比較的平易な詩が選ばれやすい日本語の合唱組曲の中にあって、大岡信の手になるこの「方舟」の詩は比較的難解といっても良い部類であると思うし、現に当時の我々の間にもそのような認識があった。あの時の議論を通じて新鮮に感じたのは、同じ言葉、同じ文字の羅列の中からでも、人によって様々に異なるイメージを喚起され、時によっては全く異なった解釈がなされるのだということ。そんなのは当たり前だろうと当時の私ですら認識はしていたものであるが、実際に膝を突き合わせて議論を交わしてみれば、他者から出された見解に目から鱗が落ちるような思いをしたり、また私から提示した解釈が「なるほど」と他者に受け入れられたりするのは、それは実に刺激的な体験であったと覚えている。
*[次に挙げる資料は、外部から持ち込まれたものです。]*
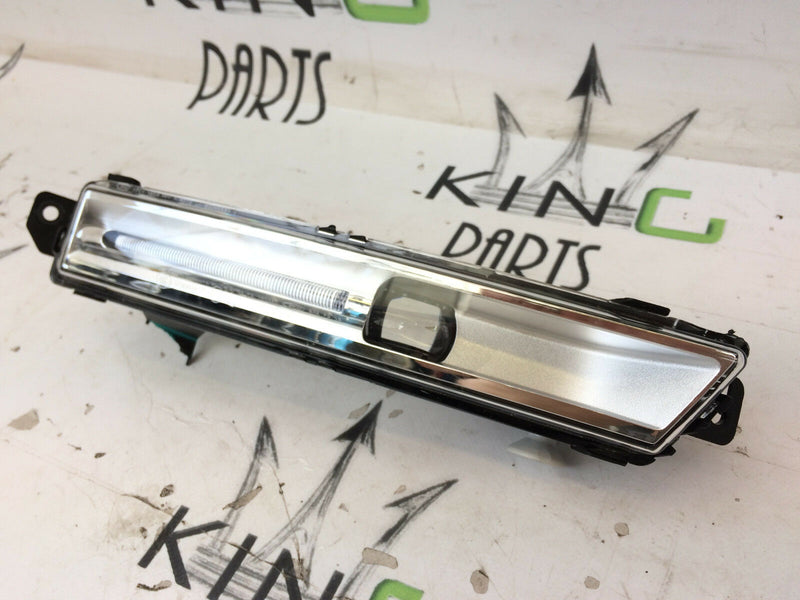 JAGUAR F-PACE X761 FOG LIGHT LED DAYTIME RUNNING LIGHT RIGHT SIDE 1058.002R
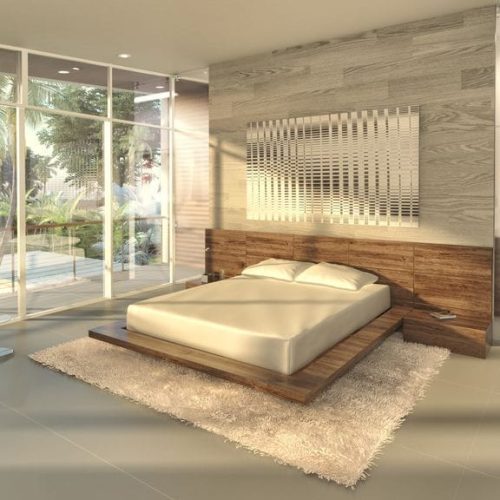 3_Interior3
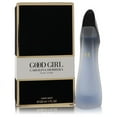 thumbnail image 1 of Carolina Herrera 558089 Good Girl Hair Mist for Women - 1 oz, 1 of 2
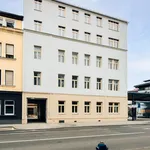 Miete 3 Schlafzimmer wohnung von 66 m² in Graz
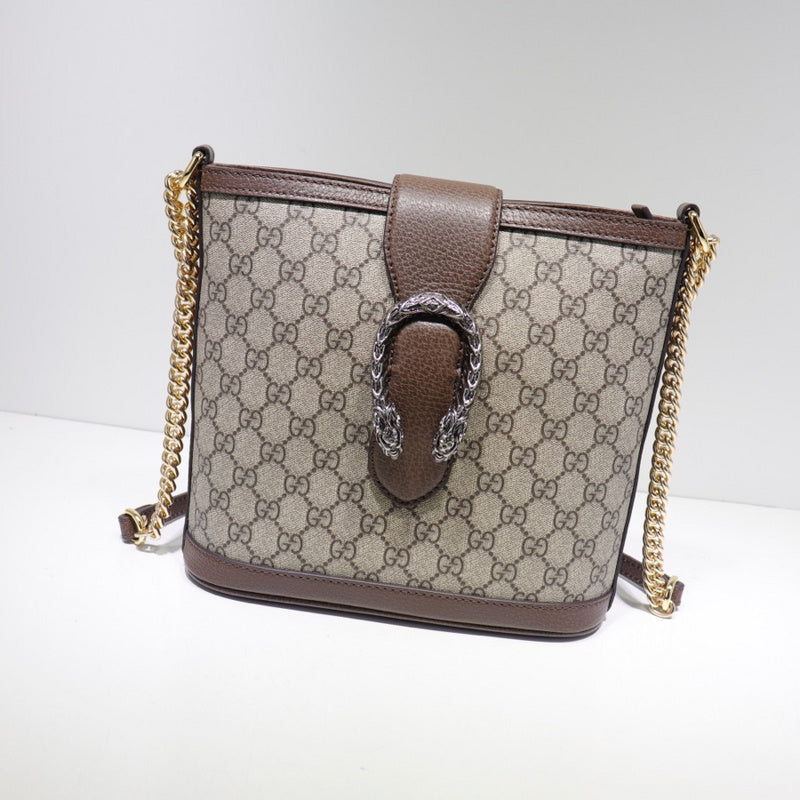 COZY BAGS - GUKI Women Bags - 737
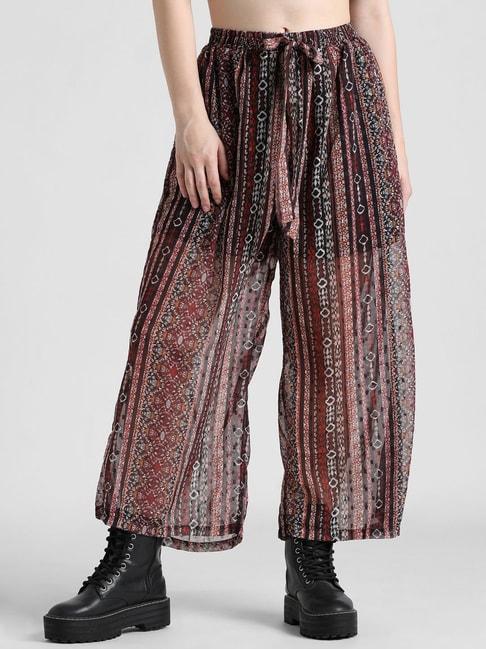 only-multicolor-printed-relaxed-fit-high-rise-palazzos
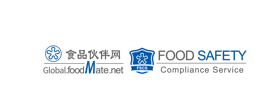 www.foodmate.net  - ведущая профессиональная платформа в области пищевых продуктов в Китае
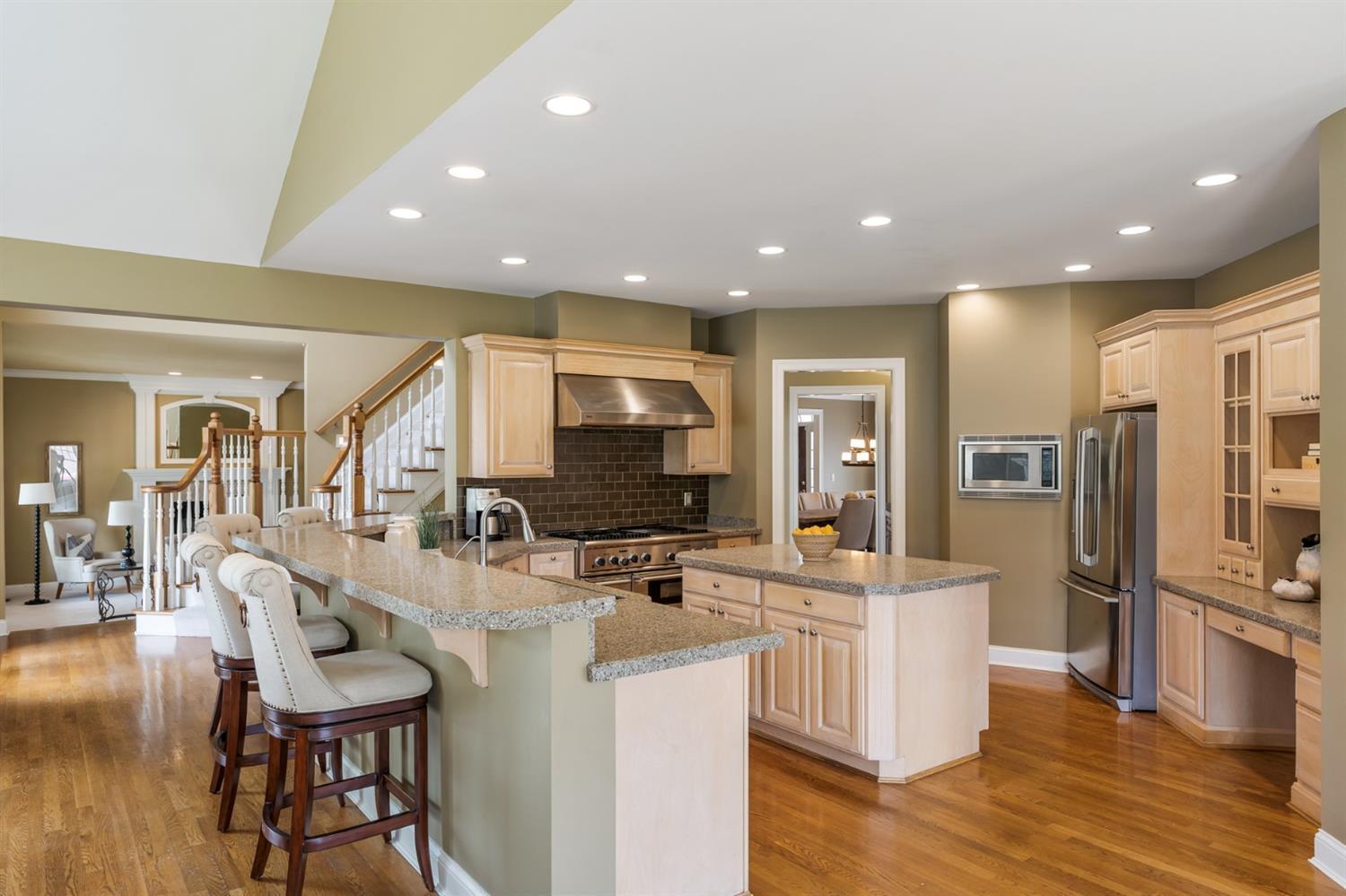 5243 Princeton Road Hamilton, OH 45011 - Photo 13 of 50 Gallery Image 13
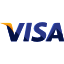 visa payment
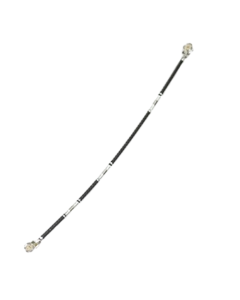 Nokia Lumia 920 Signal Antenna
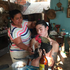 Avatar de c4m1sado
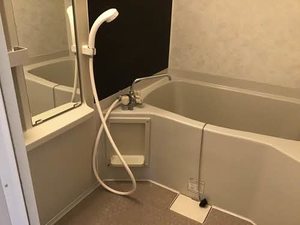 フレグランス西林 A201号-11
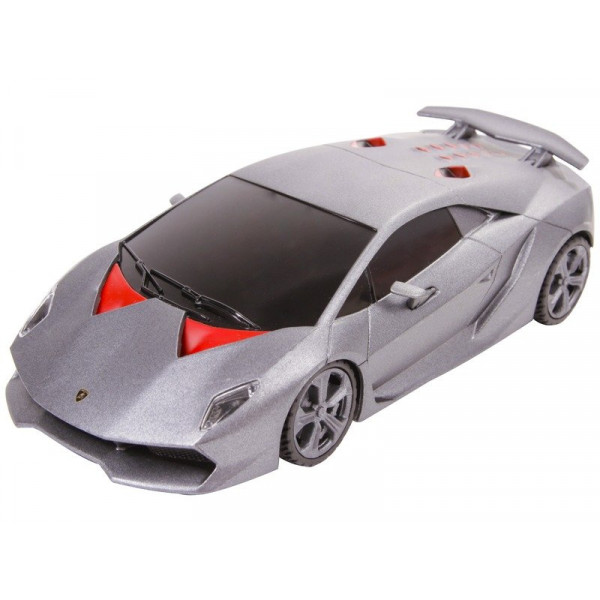 Távirányítós autó 1:24 Lamborghini Sesto 48200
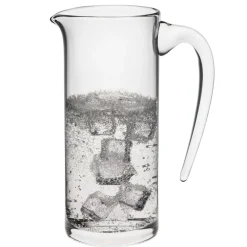 Krug Toscana | Glas - 0,8 L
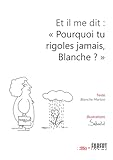 vignette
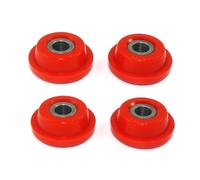 MPBS 06023116-00/80SHA Supporto, Braccio oscillante per AUDI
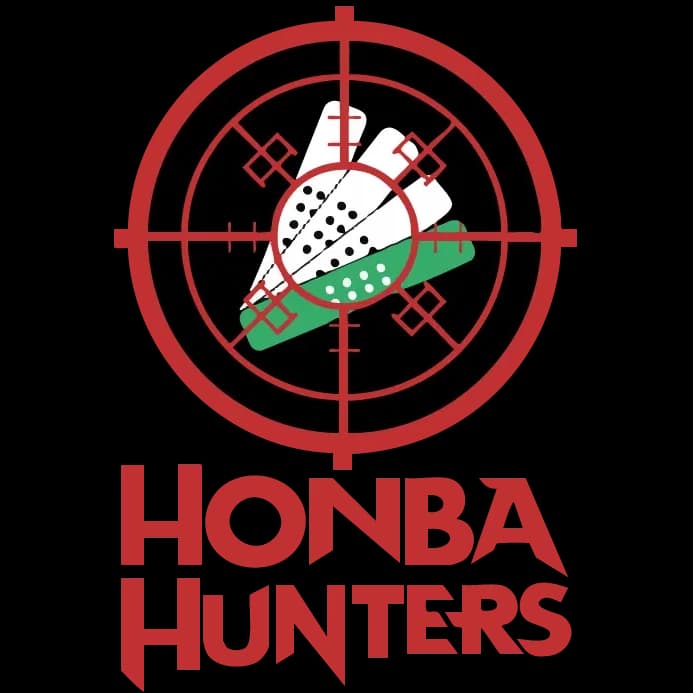 Queens Honba Hunters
実はこの「方舟」という詩に対する作曲者・木下牧子の解釈は、必ずしも正しくないのではないかと私は思っている。この詩で用いられる表現「灯火は地球に絶えた」「見えない河原」「河は涸れ」「鳩たちが明るい林を去ってからすでに久しい」などから連想されるのは、およそ生命の死に絶えた世界、生命を育むことが不可能になった地上の姿だ。例えば核戦争後の世界、あるいは「沈黙の春」が予見した未来、大岡信がこの詩に具体的に何をイメージしたのかは定かではないものの、「方舟」というタイトルが直結するのはノアの大洪水、すなわち地上の生き物全てを消し去るカタストロフのイメージであり、描かれた世界がそのカタストロフに見舞われた地球であるとみるのは無理な解釈ではるまい。
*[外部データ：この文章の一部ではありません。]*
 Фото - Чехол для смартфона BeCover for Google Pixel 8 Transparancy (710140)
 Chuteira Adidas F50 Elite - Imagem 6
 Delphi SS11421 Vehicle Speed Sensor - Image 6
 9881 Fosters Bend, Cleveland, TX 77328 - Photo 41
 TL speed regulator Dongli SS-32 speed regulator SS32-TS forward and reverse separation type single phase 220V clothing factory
私がそこにイメージするものは圧倒的な死の世界、絶対的な静寂の世界だ。


木下牧子の提示する「方舟」のアップテンポに畳み掛けるかのように展開しクライマックスを目指すその曲調は、作詩者・大岡信がこの詩に込めた筈のイメージを正しく表現しているのだろうか? 曲抜きでこの詩に対峙したときに私が抱いたイメージは、曲のイメージとはおよそ合わない。あるいは多くの人が予見を持たずにこの詩を呼んだときに描くであろうイメージは、およそ木下牧子の作曲する「方舟」の曲調とはそぐわないのでなかろうか、そのように思うのだ。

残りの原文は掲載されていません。